- _Your task_
In the listing that follows, print every line exactly and leave the images out.
# # #
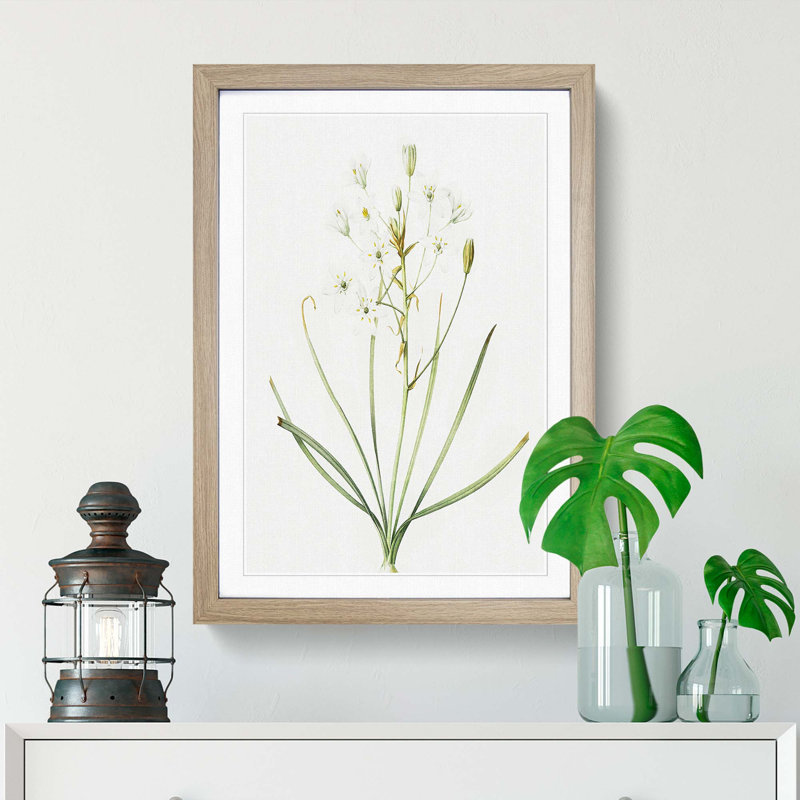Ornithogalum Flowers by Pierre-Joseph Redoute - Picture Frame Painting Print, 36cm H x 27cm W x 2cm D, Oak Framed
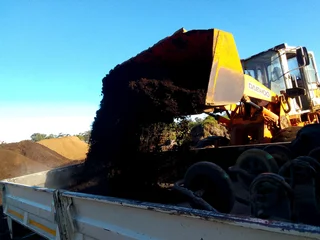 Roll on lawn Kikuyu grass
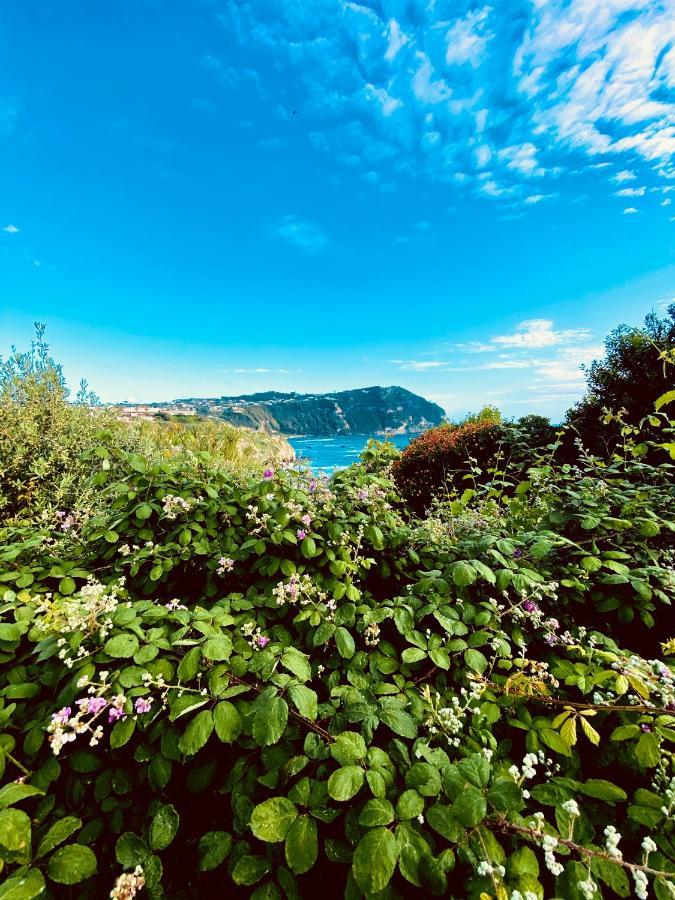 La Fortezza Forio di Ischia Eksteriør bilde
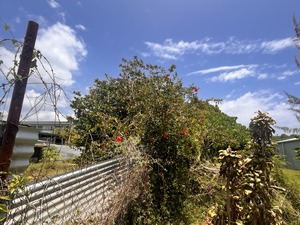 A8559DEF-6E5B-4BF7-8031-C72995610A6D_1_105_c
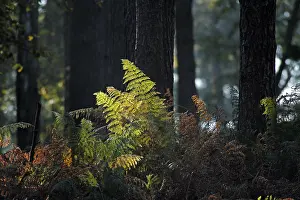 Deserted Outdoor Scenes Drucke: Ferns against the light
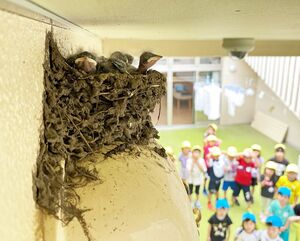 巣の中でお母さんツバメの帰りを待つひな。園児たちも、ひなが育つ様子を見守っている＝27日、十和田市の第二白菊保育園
# # #
- _Result_
Ornithogalum Flowers by Pierre-Joseph Redoute - Picture Frame Painting Print, 36cm H x 27cm W x 2cm D, Oak Framed
 Roll on lawn Kikuyu grass
 La Fortezza Forio di Ischia Eksteriør bilde
 A8559DEF-6E5B-4BF7-8031-C72995610A6D_1_105_c
 Deserted Outdoor Scenes Drucke: Ferns against the light
 巣の中でお母さんツバメの帰りを待つひな。園児たちも、ひなが育つ様子を見守っている＝27日、十和田市の第二白菊保育園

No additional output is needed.